Ho imparato a trascorrere ore e ore a contemplare le cose nel letto della mia stanzetta al fianco di mia sorella. Poi devi sederti sulla tua scrivania e allontanare il desiderio delle cose interessanti proprie della socialità, delle nottate trascorse in compagnia. La solitudine è una condizione necessaria. Ti perdi nelle combinazioni della tua immaginazione e negli aspetti tecnici. Come risolvere i piccoli problemi dentro alle frasi, ciò che fa impazzire a lungo molti scrittori. Appunti una nota su una frase da riprendere al mattino, il pensiero con cui ti svegli. Anche qui si misura la personalità di uno scrittore. Sono abbastanza sicuro che sia uscita la mia personalità di scrittore».

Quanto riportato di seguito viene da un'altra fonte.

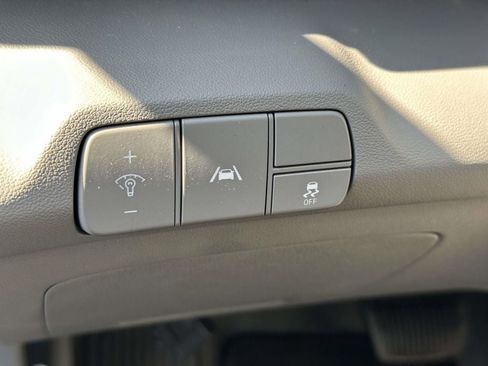 Used 2021 Hyundai Elantra SEL w/ Convenience Package FWD image 16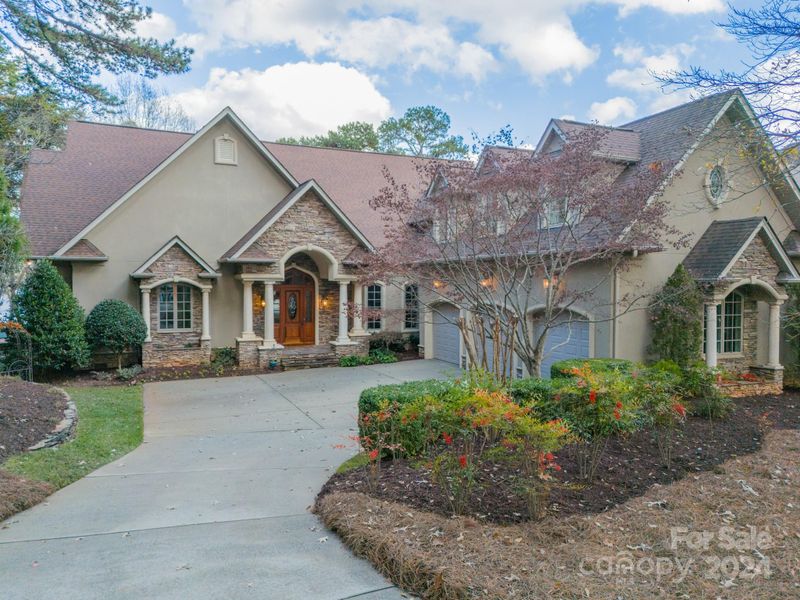 8215 Buena Vista Dr, Denver, NC 28037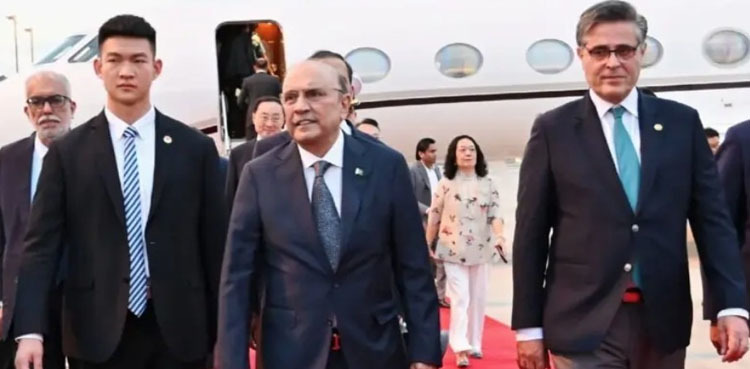 President Zardari receives warm welcome in Shanghai during China visit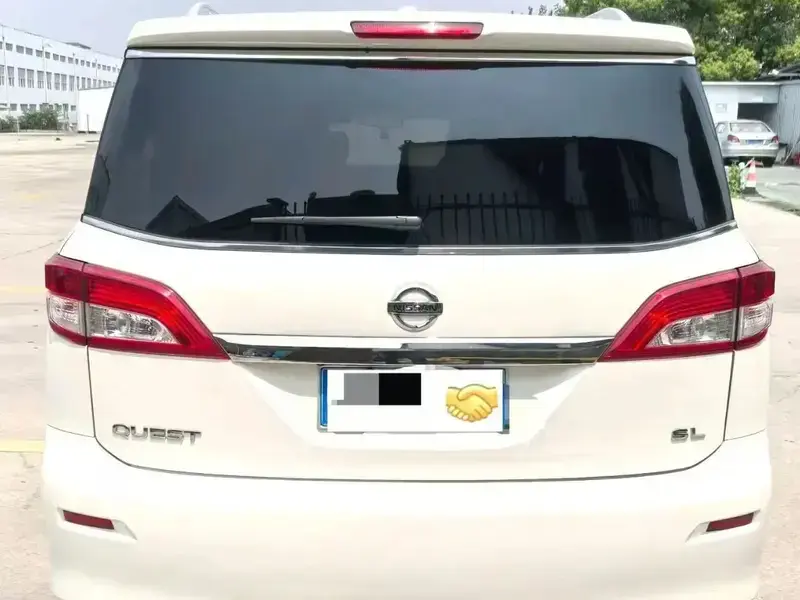 2015 Nissan Quest с пробегом 108 000 км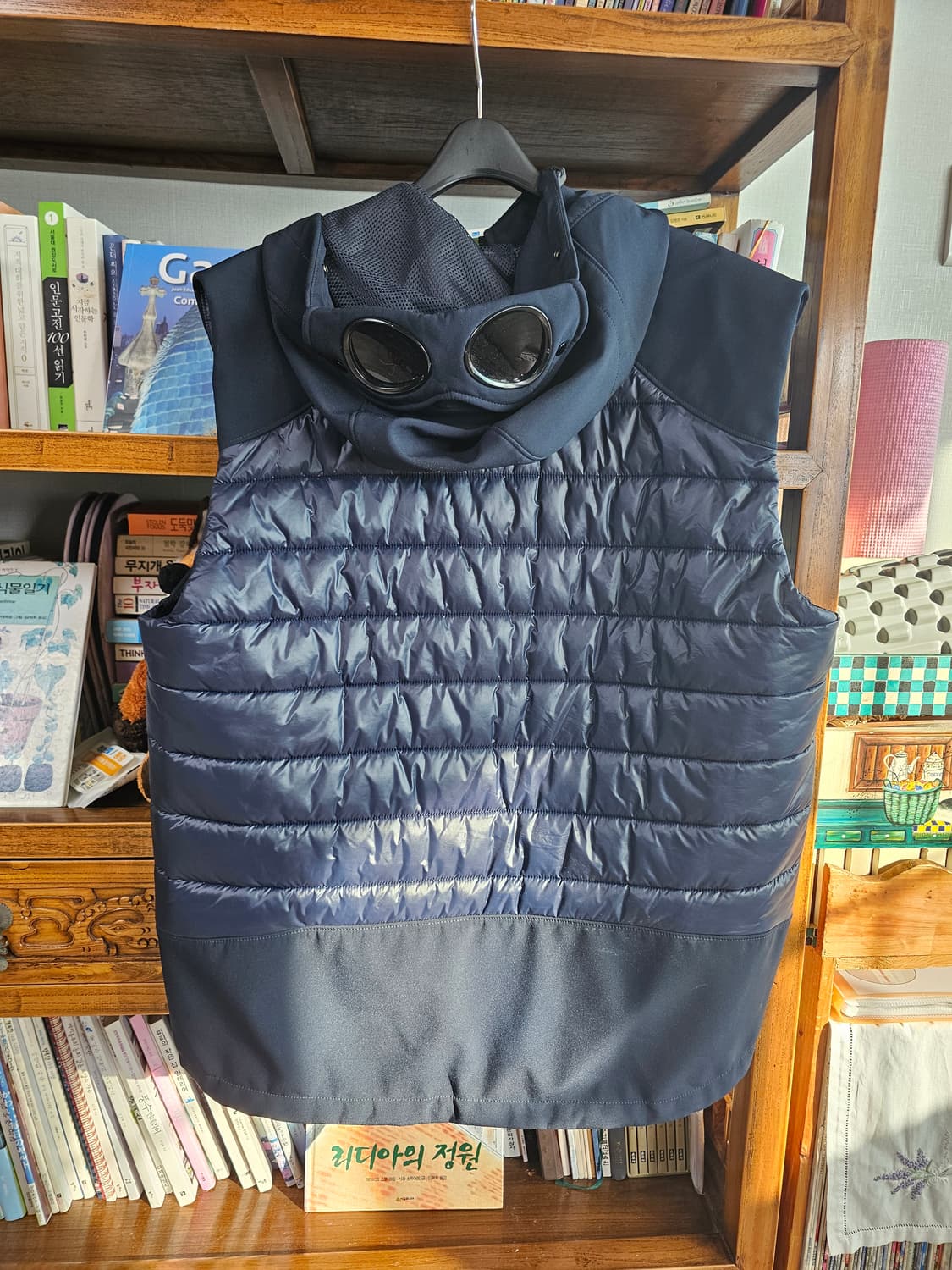 54사이즈（105-110)씨피 cp컴퍼니 나일론 조끼패딩 팔아요 정품  상품이미지1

La boxe riesce ancora ad appassionarla? La letteratura ha sempre qualcosa da chiedere a questa disciplina?
«Sì, mi attrae, la seguo. Come allora spogliata dagli elementi dell’esaltazione propria dell’intrattenimento. Tuttora non ci siamo liberati di tanti cliché. La boxe non è metafora di qualcos’altro. È due ragazzi, spesso emersi dalla classe più povera della nostra società, che salgono sul ring, che si affrontano, mentre qualcun altro paga per vederli. È la vita ad assomigliarle. A me interessano quelli che campioni non diventano, che crollano e si rialzano. Il mio agente letterario ha ora per le mani un testo, una short story a proposito di un boxeur della mia Stockton. Diciassettenne lavorai presso la pompa di benzina del quartiere. Credevo che questo lavoro rappresentasse un futuro concreto per me. Mio padre, un ispettore dell’ufficio postale, anch’egli boxeur dilettante che ammiravo, cantastorie del pugilato, mi trasmise la passione.“Non riuscivano neanche a sfiorarmi col guantone”, gli piaceva dire e mi regalò un paio di guantoni. A diciotto anni prendevo a pugni il sacco nel garage».
Che cosa ricorda dell’incontro con Muhammad Ali?
«Sì ho scritto di lui, come d’altra parte di Foreman e Sugar Ray Leonard, per alcuni magazine. Ho dovuto cedere alla sua personalità travolgente, ai suoi scherzi. Le meravigliose qualità atletiche erano pari al fascino di una personalità complessa, divertente e impegnata per i diritti civili. C’è chi si atteggiava a essere un duro. Lui lo era».
Il libro narra il rovescio del sogno americano. Toni Morrison, in un intervento recente, forse ha sintetizzato l’oggi nel modo migliore: «Quando ero ragazza, eravamo cittadini di seconda classe, ma restava la parola: cittadina, cittadinanza. Negli anni Cinquanta e Sessanta hanno cominciato a chiamarci consumatori. E allora noi abbiamo consumato. Ora non utilizzano più queste parole. Siamo contribuenti americani». Ha ancora senso parlare di mobilità sociale, il cuore di quel sogno?
«La maggioranza degli americani probabilmente non ha ancora realizzato la disintegrazione del sogno. È sempre più complicato uscirne vittoriosi. Per i poveri è difficile vivere negli States. L’American dream è ormai alimentato, plasmato dalle famiglie influenti, da Wall Street. Sono rare le eccezioni che spezzano il cerchio dell’esclusione. Nell’adolescenza avevo un’idea granitica dell’America. Fu uno shock, quando presi coscienza che si stava scucendo, che andava in pezzi. Non sapevo come reagire a quello smarrimento. Sul libro riversai quella sensazione. Stockton è ancora un luogo ad alto tasso di povertà e criminalità. È stata una delle prime città a dichiarare bancarotta, quando è iniziata l’ultima crisi. I giovani pugili che si allenano nella palestra Yaqui Lopez Fat City Boxing Club, vicina alla Lydo, poi demolita, che sorgeva nel sottoscala di un hotel, dovranno certamente affrontare le stesse difficoltà dei miei personaggi».